We implemented our version of this prediction using the established AdaBoost algorithm [23] in conjunction with decision trees to extract potential runtime in a regression manner (see Algorithm 1). Instead of utilizing both squared and linear error functions as suggested [11], we applied the closely comparable AdaBoost, a commonly implemented and relatively accurate regression model for prediction [24]. For every learning iteration m, the model equally weighs WTR predictions made by fitting the decision tree regressor, \(y_m(x)\), regardless of accuracy to minimize the linear error function

$$\begin{aligned} J_m=\sum _{i=1}^Nw_i^{(m)}I[y_i(x_n)\ne h_i(x_m)], \end{aligned}$$
(1)

where h is an output hypothesis.

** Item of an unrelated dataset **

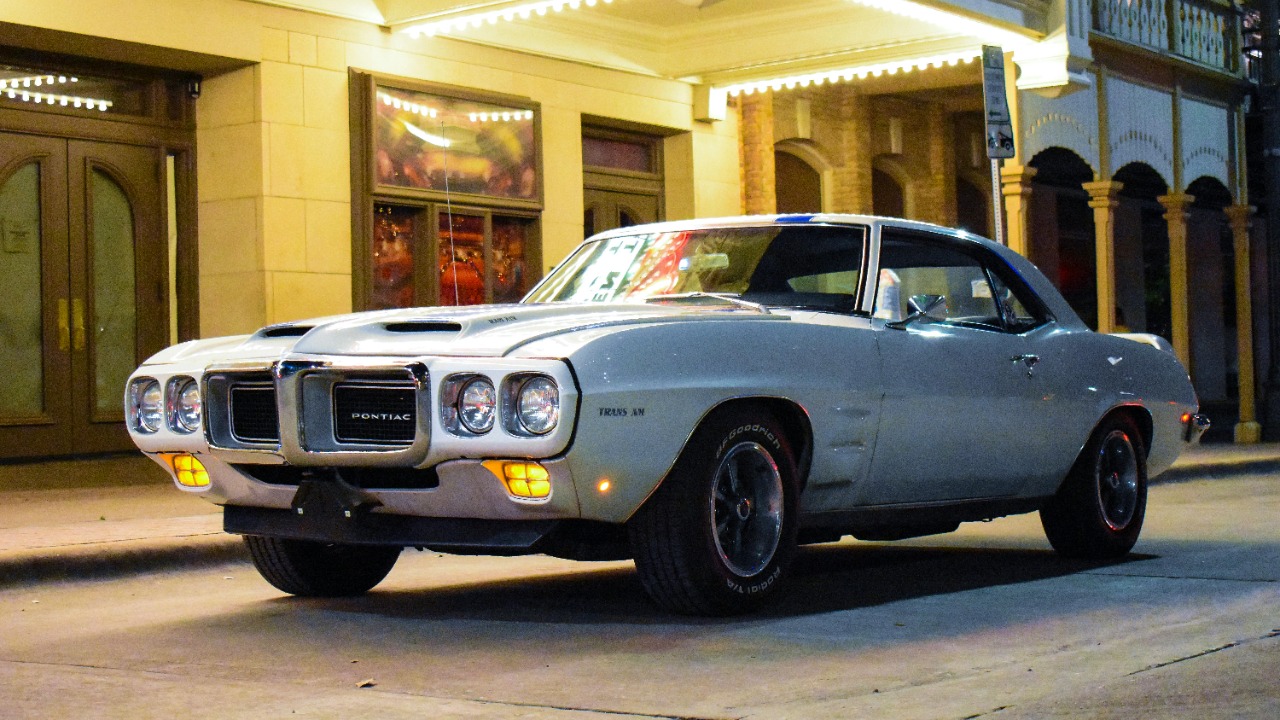 Pontiac Firebird Trans Am — Image Credit: Jon Mishou/Pexels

AdaBoost works by tweaking these weights resulting from the first learner depending on the error of prediction. The larger the prediction error \(\epsilon _m\), the smaller and more negative the weight \(w_n\) becomes. The predicted WTR is the weighted median prediction by the learners. In this writing, we considered working on historical data from \(X_n\) features comprising user, job runtime, and requested CPU and memory resources. In the instance that a job continues to run within 60 s of the estimated WTR, the scheduling invokes a corrective algorithm. A potential downfall of this regression technique lies in the large historical data that the prediction has to always check which could lead to an even greater slowdown.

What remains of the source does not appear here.